The Prussian State Bank was a state-owned entity that played a significant role in the economy of the Kingdom of Prussia. It was founded in 1772 as a shipping company, the Seehandlungsgesellschaft or simply Seehandlung, intended to boost Prussia's foreign trade. In the course of the 19th century, it became increasingly active as a state bank, and was consequently renamed Königliche Seehandlung (Preußische Staatsbank) in 1904 and Preußische Staatsbank in 1918. It ceased activity in 1945 and was kept as a dormant entity, which was eventually liquidated in 1983.

==History==

===Shipping company===

The Prussian sea trading company was founded in Berlin on October 14, 1772 at the instigation of Frederick the Great under the name Generaldirektion der Seehandlungs-Sozietät. The Prussian king acquired 2100 shares of this company and 300 shares were sold to private individuals. The company received the exclusive right to trade in sea salt and the staple right to all wax produced ten miles from the banks of the Vistula in Prussian territory. With its ships flying the Prussian flag, the company was to trade mainly though not exclusively with Spain, and maintained a commercial agent in Cádiz. Also on October 14, 1772, a special sea salt trading company, the Preußische Compagnie, was founded, which exported the sea salt imported from the sea trade to Poland. Both societies had received their privileges until 1796.

The Seehandlungsgesellschaft was also active in shipbuilding and erected two shipyards in Szczecin in 1776. It owned up to 14 ships of her own. The Königliche Seeschiffswerft in Havelberg delivered several seagoing vessels to the maritime trade from 1779 to 1785.

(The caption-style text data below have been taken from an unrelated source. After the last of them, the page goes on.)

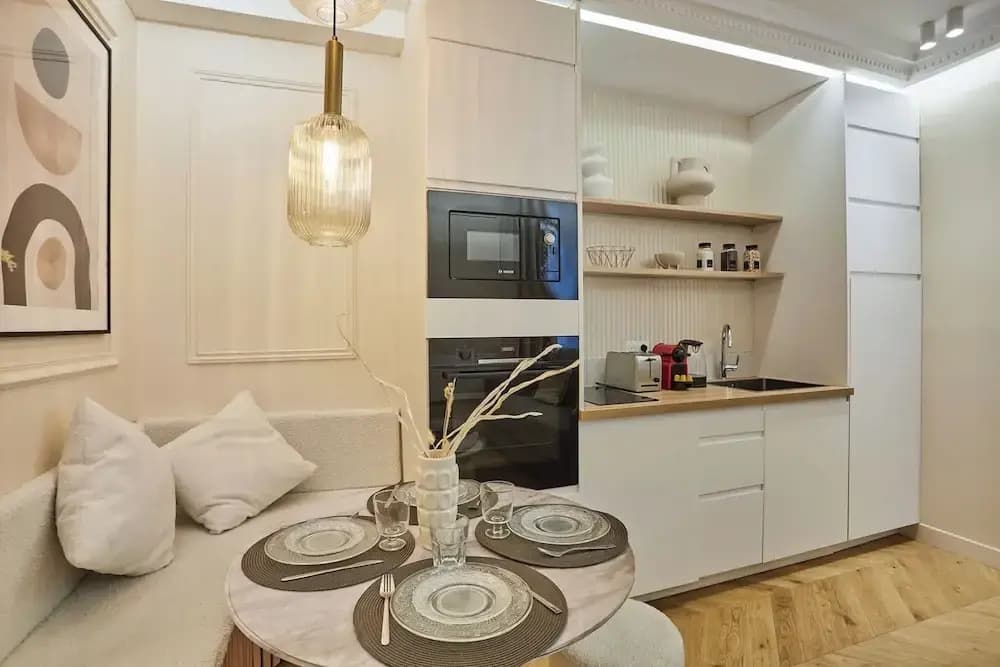 Apartment for 4 People in Paris - photo 10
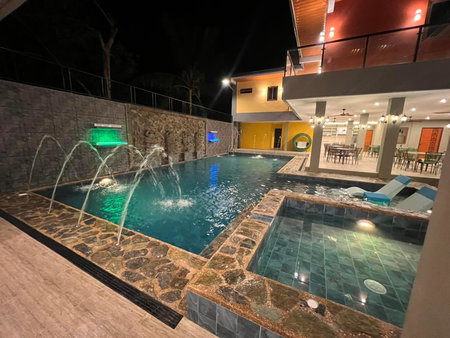 Casa Ferta, Pansol, Philippines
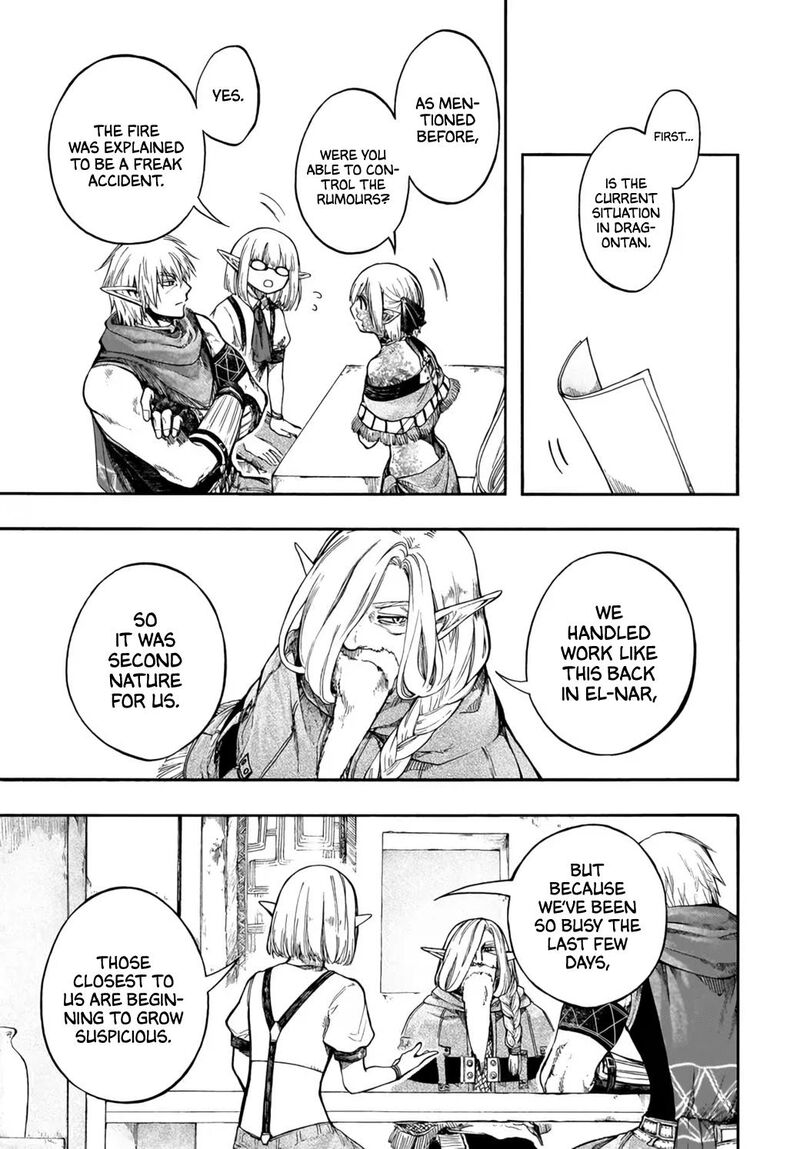 Isekai Apocalypse Mynoghra ~The Conquest Of The World Starts With The Civilization Of Ruin~ Chapter 32 - Page 5 in English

===Transition to financial services===

Despite the privileges, business initially went poorly. Under the leadership of Friedrich Wilhelm von der Schulenburg-Kehnert, the Preußische Compagnie was merged into the Seehandlung. After that, business improved, then expanded significantly. The Seehandlung had agents in Hamburg, Amsterdam, Warsaw in addition to Cadiz. In 1791, its sea trading privilege was extended until January 1, 1808. Although it lost its monopoly on wax trading on March 4, 1794, it received the right to trade in all goods and to conduct business of all kinds.

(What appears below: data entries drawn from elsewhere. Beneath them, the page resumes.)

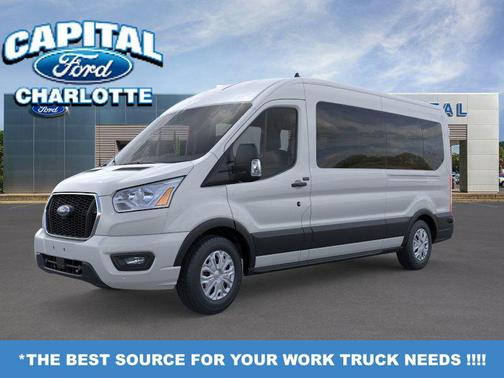 2025 Ford Transit-350 XLT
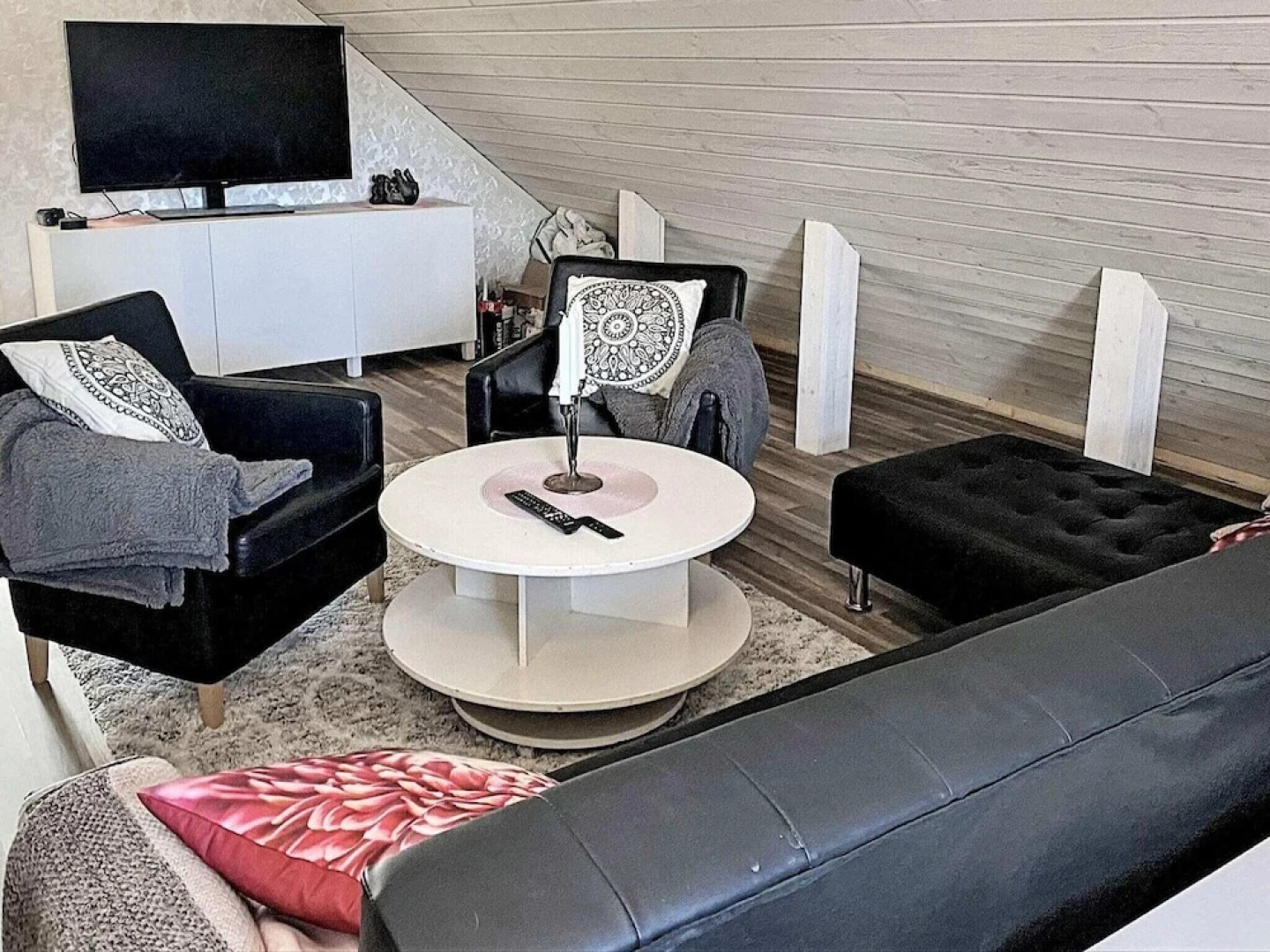 8 Person Holiday Home in Oskarsham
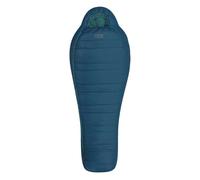 Sacco a pelo in piuma Pinguin Magma 630 185 cm Cerniera: Destro / Colore: blu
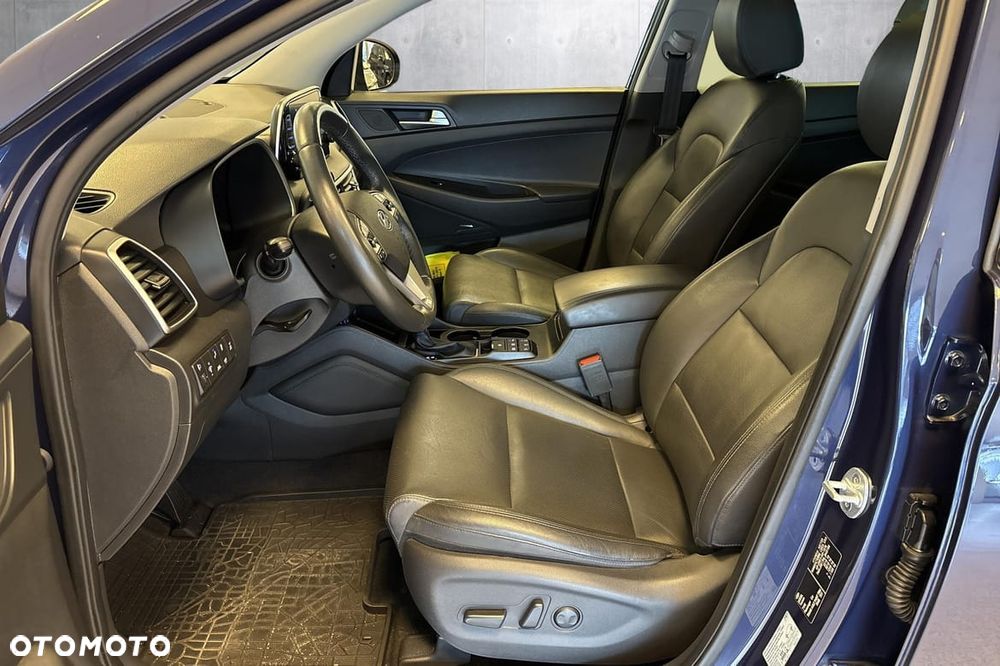 Hyundai Tucson - 17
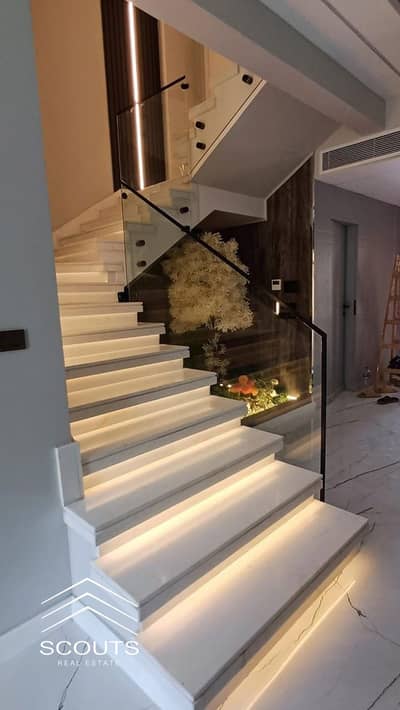 4 Bedroom Townhouse for Sale in Mostakbal City, Cairo - f617a30b-3618-4360-ae5a-1e090f1134da. jpg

The Third Partition of Poland (1795), which followed soon afterwards, restricted the sales area for salt, and in its aftermath, the Napoleonic Wars negatively affected Prussian trade. The Seehandlung thus pivoted towards financial operations and the administration of Prussia's national debt. After Prussia lost the war against France in 1806, it paid war reparations to France and for that incurred large debts. After Napoleon's defeat in 1815, the Seehandlung in turn collected war reparations from France.

Since 1807, the Seehandlung had been under the control of the Prussian Ministry of Finance. On January 17, 1820, it became an independent financial and commercial state entity with unlimited legal capacity. Among other things, it was granted special rights to purchase salt from overseas, handle all financial transactions abroad on behalf of the Prussian state, pay all state debts incurred abroad, collect funds due to the state abroad and purchase goods from abroad. The Prussian government guaranteed all of the Seehandlung's obligations and appointed a board of trustees of three state officials to oversee it.

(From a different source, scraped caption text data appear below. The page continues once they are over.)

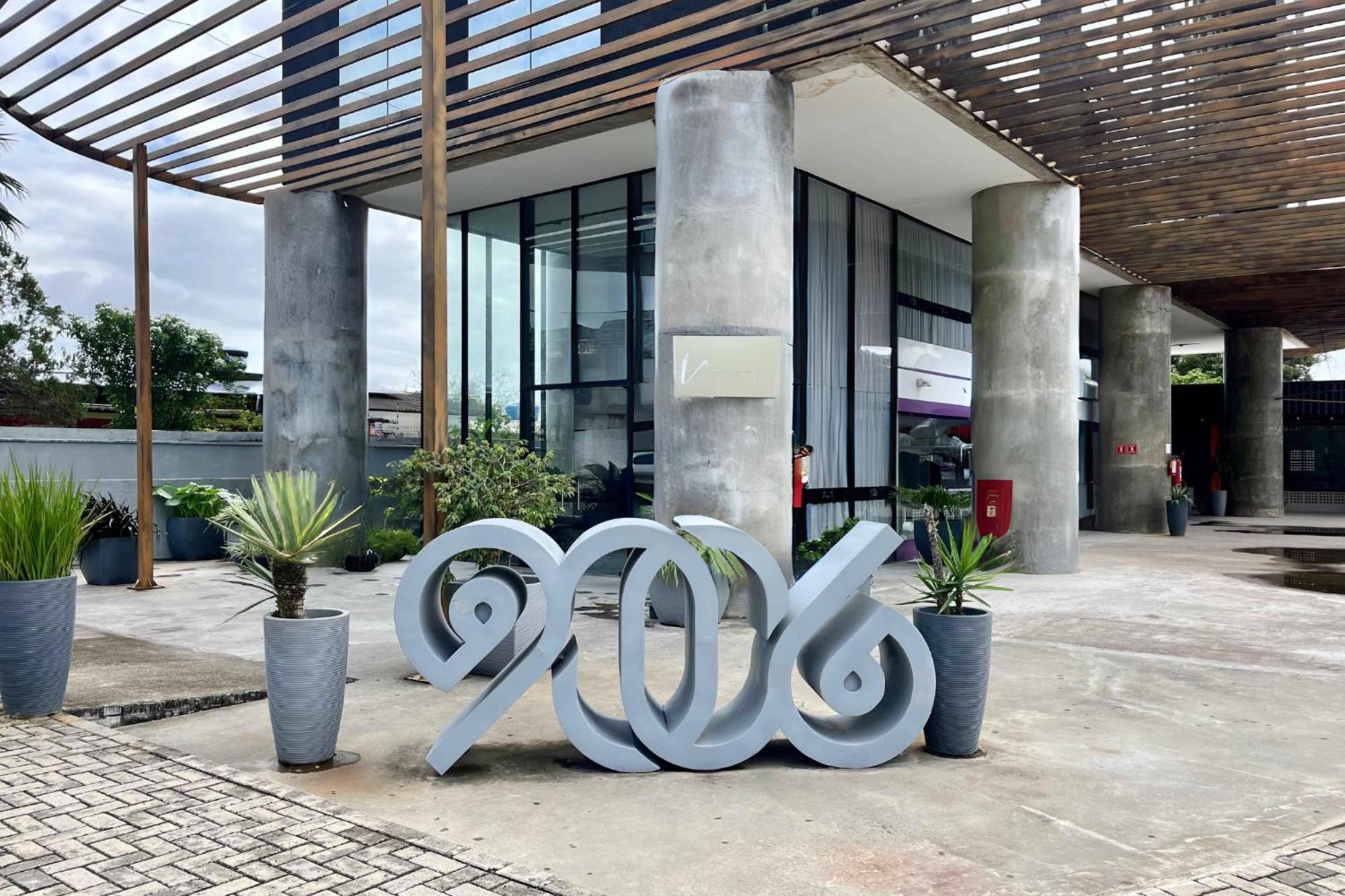 9006 Suites Natal Hotel Luaran gambar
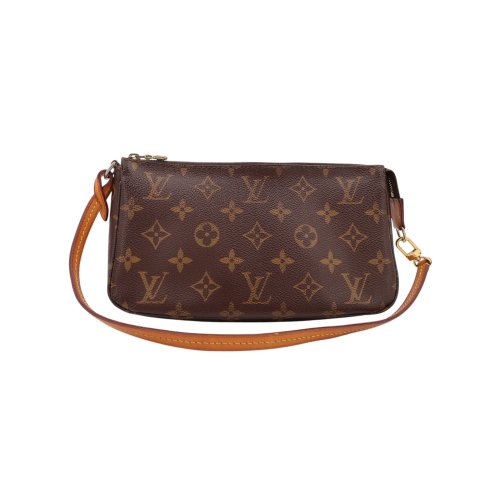 Louis Vuitton Pochette Accessoires NM Monogram Canvas Handtaschen Louis Vuitton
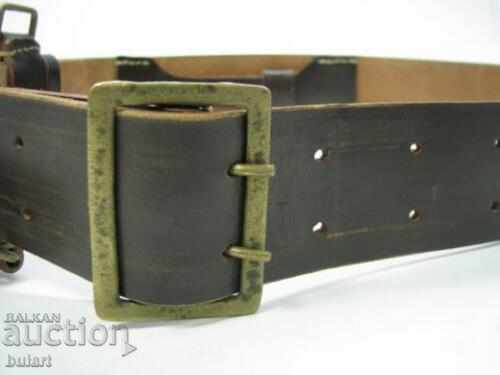 Royal Navy Military Belt Strap WWII BELT with price 90.00 BGN | € 46.02 Royal Navy Military Belt Strap WWII BELT with price 90.00 BGN | € 46.02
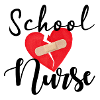 School nurse heart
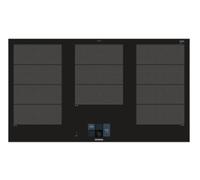 Siemens EX975KXW1E - Black 5 Zone Induction Hob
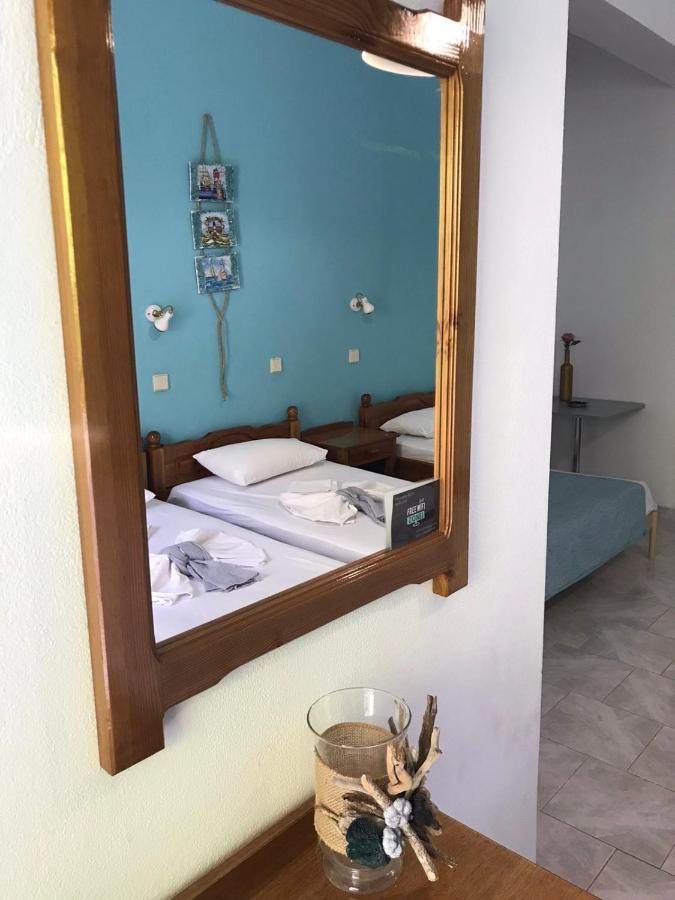 Panorama Rooms Айя-Румели Экстерьер фото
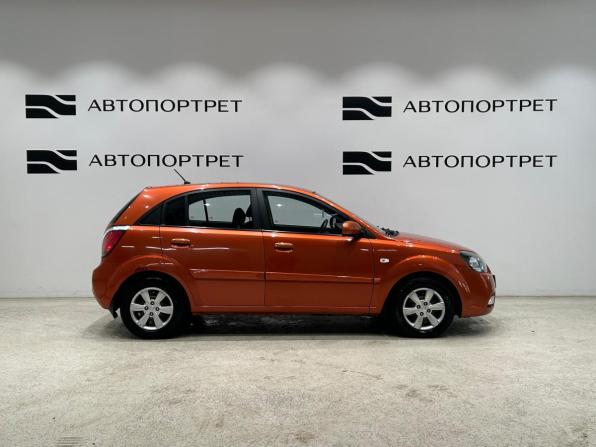 Kia Rio II Рестайлинг с пробегом 2010 года, цена 599 000 рублей, 123836 км, хэтчбек, Автокод Объявления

On May 3, 1821, it was decreed that the profits of the Seehandlung would no longer be paid to the state treasury, but would instead be accrued into its capital and from this a reserve fund would be formed, which the king could also use for state purposes in exceptional cases.

In 1822, the Seehandlung began shipping Silesian textile goods to Central and South America. This business led to the first Prussian circumnavigation of the world with the ship Mentor (1808 ship)|Mentor in 1822-1824, which was followed by six more circumnavigations of the world with the ship Princess Louise (1824 ship)|Princess Louise. At the same time, it promoted shipbuilding, also by buying the schooner brig Christian in the United States, which was intended as a model for Prussian shipbuilders. The Seehandlung also participated in many other ventures, such as road construction in Prussia and promoted railway construction.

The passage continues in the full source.